“There was no sight of Bompard,” said he, “he has not come back, then?”

“Bompard will not come back,” replied the girl, “we will never see him again.”

Then she told of the death traps beyond the rocks and of the match.

La Touche listened, standing, and still holding the ribband of seaweed in his fingers.

She could see that he believed what she said and yet his words gave the lie to what was in his face.

“Oh, Bompard will come back all right,” said he. “He’s not such a fool as to get into any of those bogs; he’s sulking, that’s all.”

He shaded his eyes, looking back towards the rocks as though on the chance of seeing the missing one; then he sat down before his plate and helped himself to food and the girl, loathing him and the food as well, sat down and made a pretence of eating.

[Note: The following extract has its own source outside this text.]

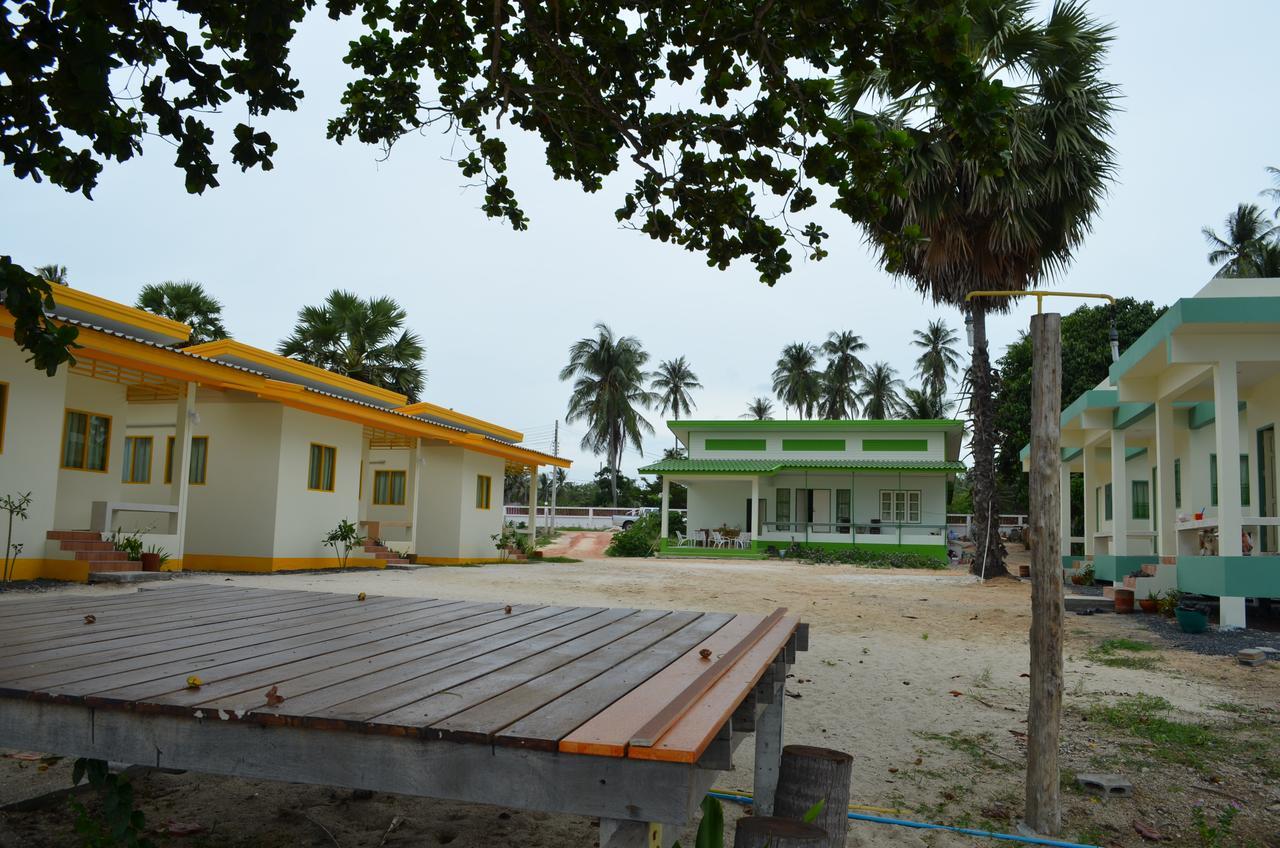 Baan Chomlay Resort Khanom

She noticed that he was cheerful, for a wonder. He ate with good appetite and shewed in his movements and manner and voice when he spoke a restrained vivacity new to him.

His blondness, the washed-out blue of his eyes, his features, his voice, she considered all these anew as she sat opposite to him. It seemed to her that anything truly manly about him had come from the sea; that essentially he was a product of Mont Martre or the Banlieu of old Paris. She loathed him now as only a woman can loathe a man and, woman-like, her loathing focussed itself upon his blondness and the colour of his eyes.

Then, when she had done with the pretence of eating she rose up and, leaving him to remove the things, walked down to the water’s edge and along towards the break in the cliffs.